Content starts
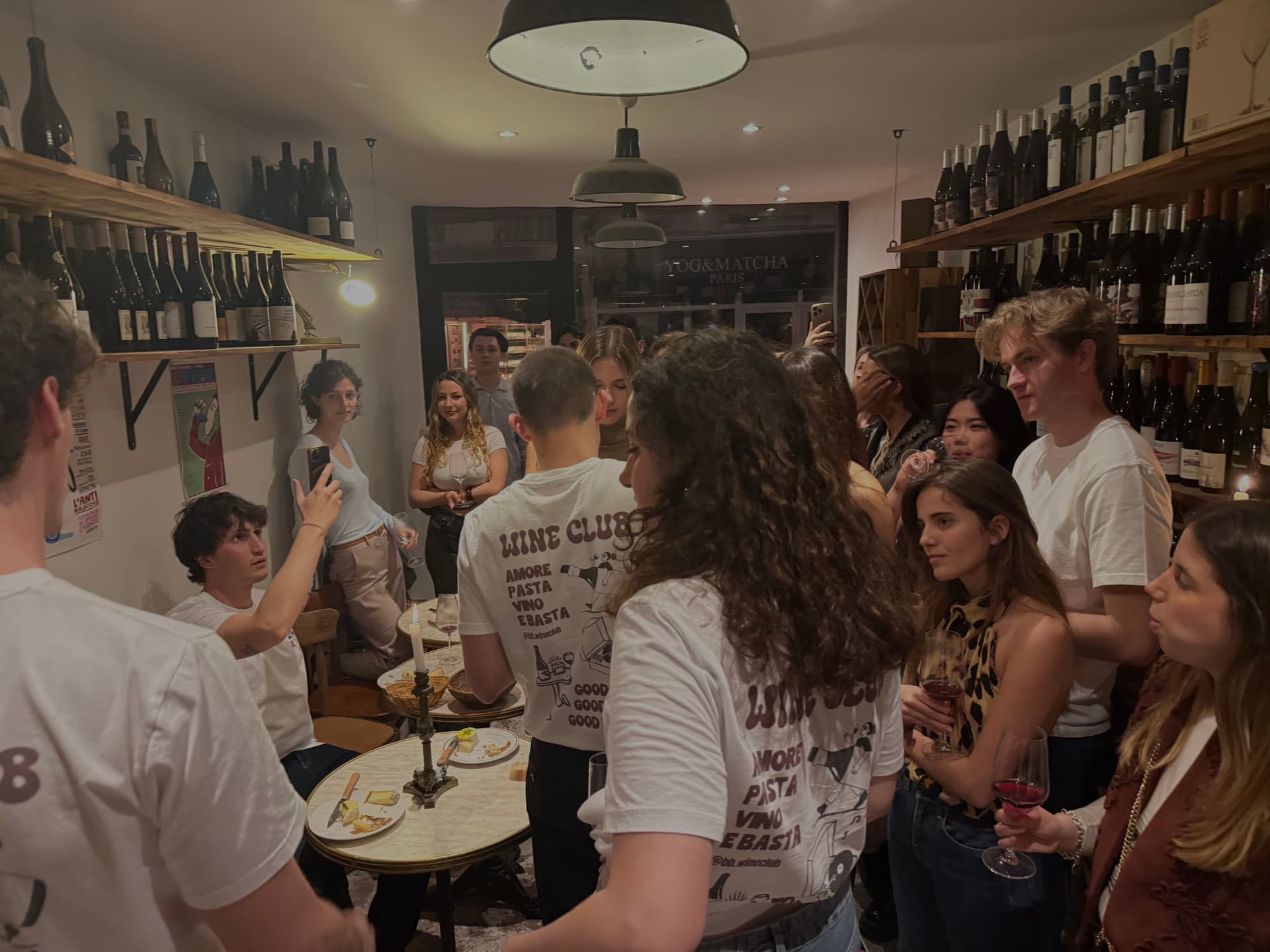 Wine Lounge 1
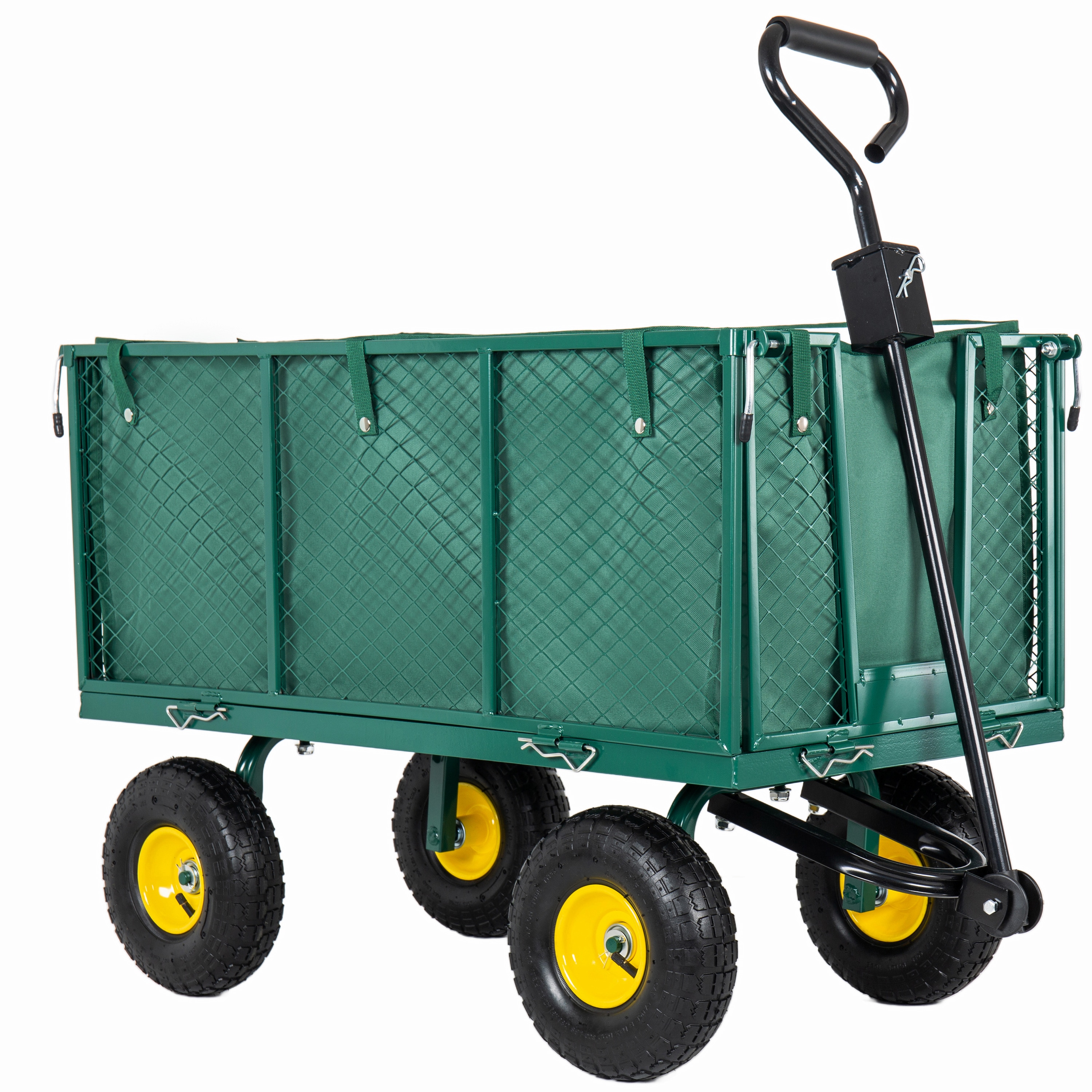 JUSHUA FL-2P439428 Yard-Carts - View #7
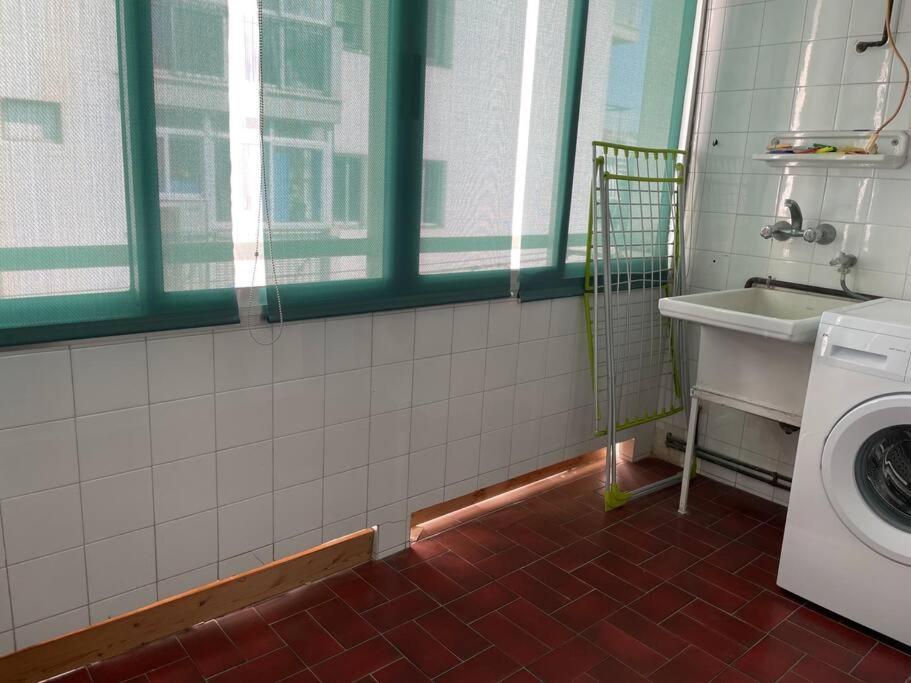 Apartamento En Primera Linea De Mar De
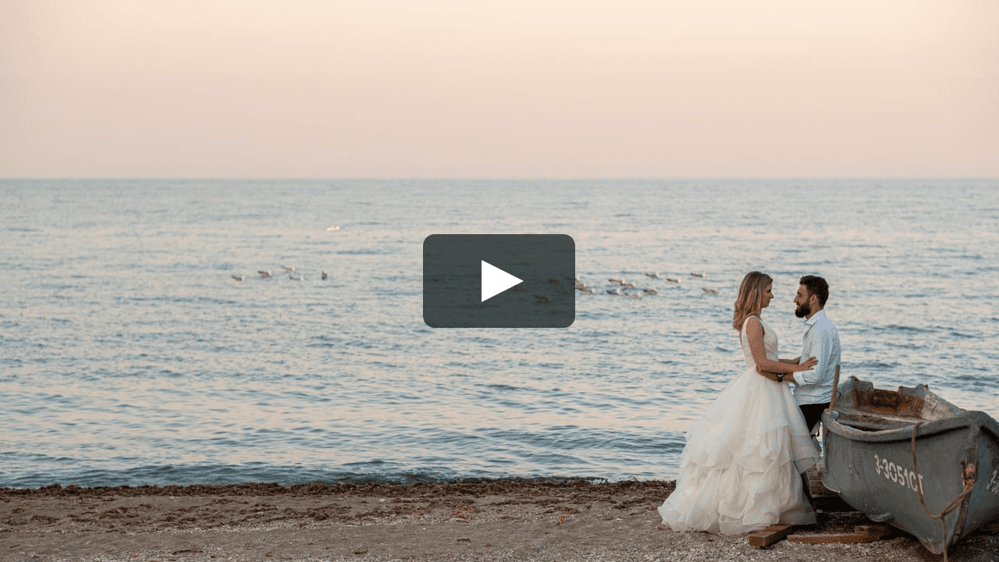 Cristina si George - Fotografii de Madalin Stancu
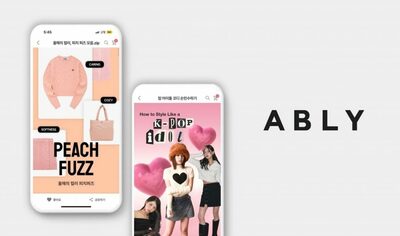 韓国ファッションプラットフォーム、インフルエンサーコンテンツ効果で取引額が最大4.5倍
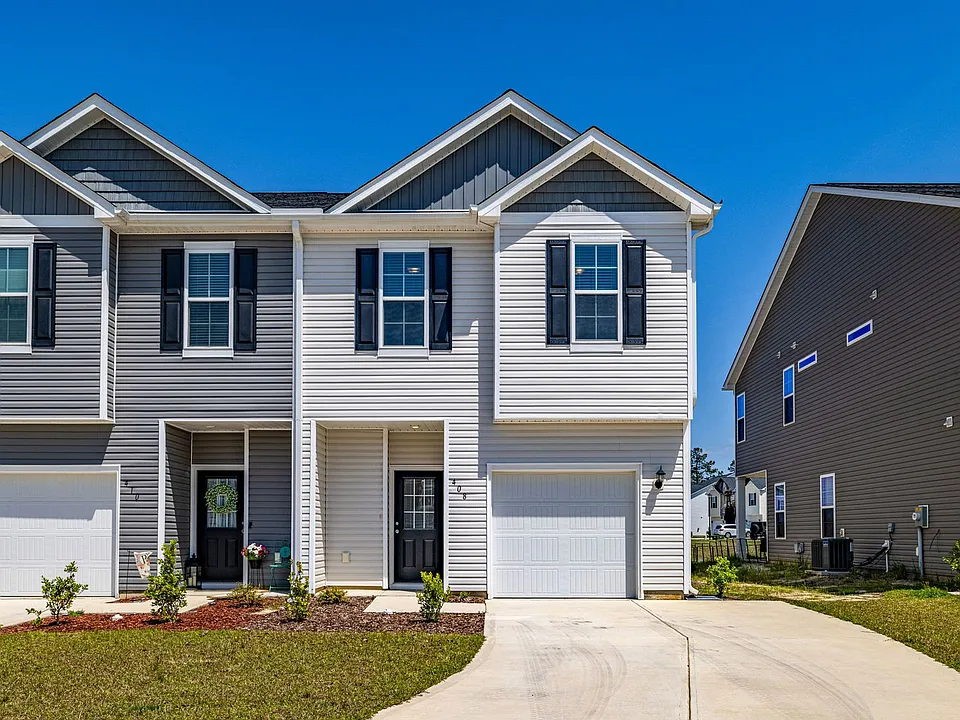 408 Blockade Shoal Ln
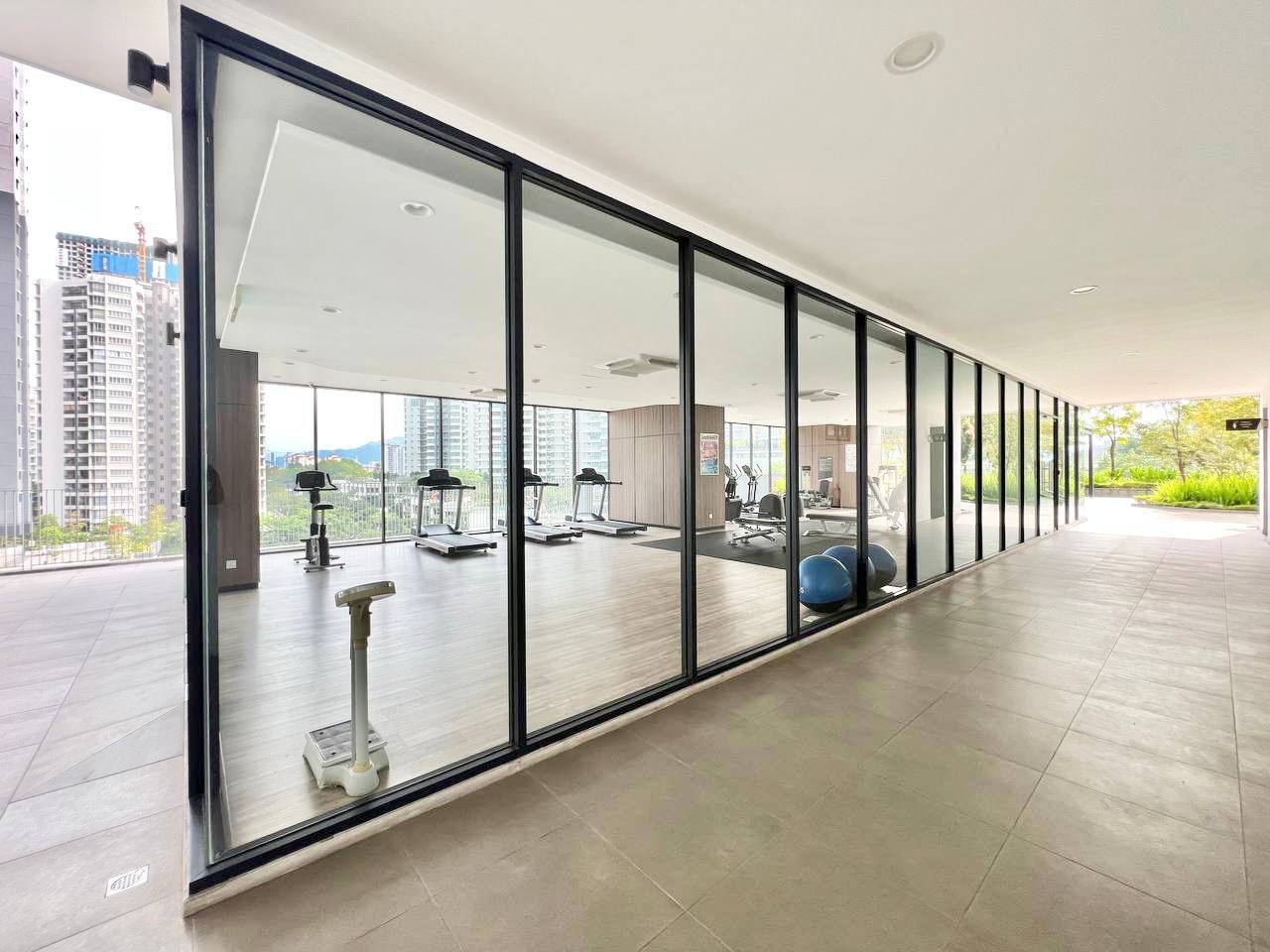 2 Carpark Fera Residence Wangsa Maju KL - photo 8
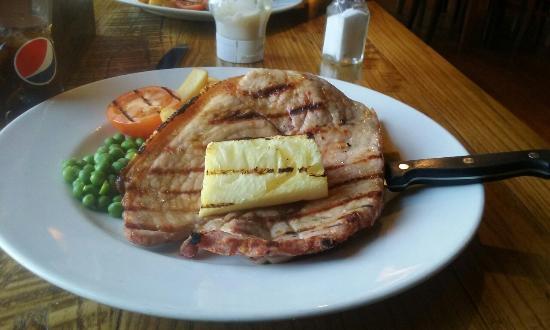 Beaufort Arms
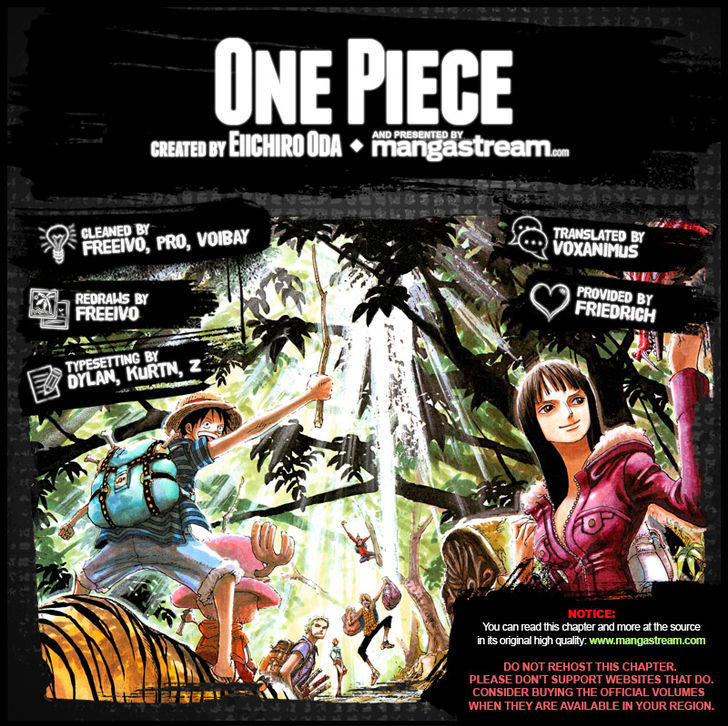One Piece 826
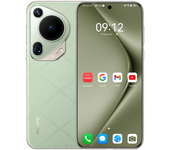 Huawei Pura 70 Ultra 4g 512gb/16gb Dual Sim Verde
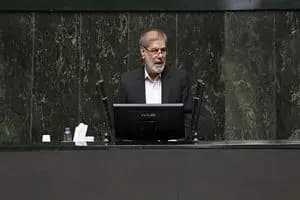 عراق ادعای انتقال پیام از ترامپ به ایران را رد کرد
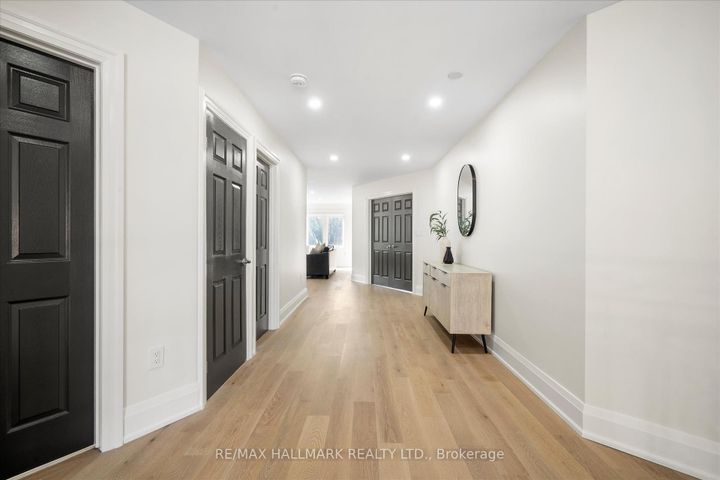 Photo 22 at 134 Manse Road, West Hill, Toronto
Content ends
» **WHAT YOU ARE ASKED TO DO**:
From the opening line of the entries above to the line that holds "Huawei Pura 70", inclusive, reproduce each line exactly and omit any picture.

» **SOLUTION FOR THIS EXERCISE**:
 Wine Lounge 1
 JUSHUA FL-2P439428 Yard-Carts - View #7
 Apartamento En Primera Linea De Mar De
 Cristina si George - Fotografii de Madalin Stancu
 韓国ファッションプラットフォーム、インフルエンサーコンテンツ効果で取引額が最大4.5倍
 408 Blockade Shoal Ln
 2 Carpark Fera Residence Wangsa Maju KL - photo 8
 Beaufort Arms
One Piece 826
 Huawei Pura 70 Ultra 4g 512gb/16gb Dual Sim Verde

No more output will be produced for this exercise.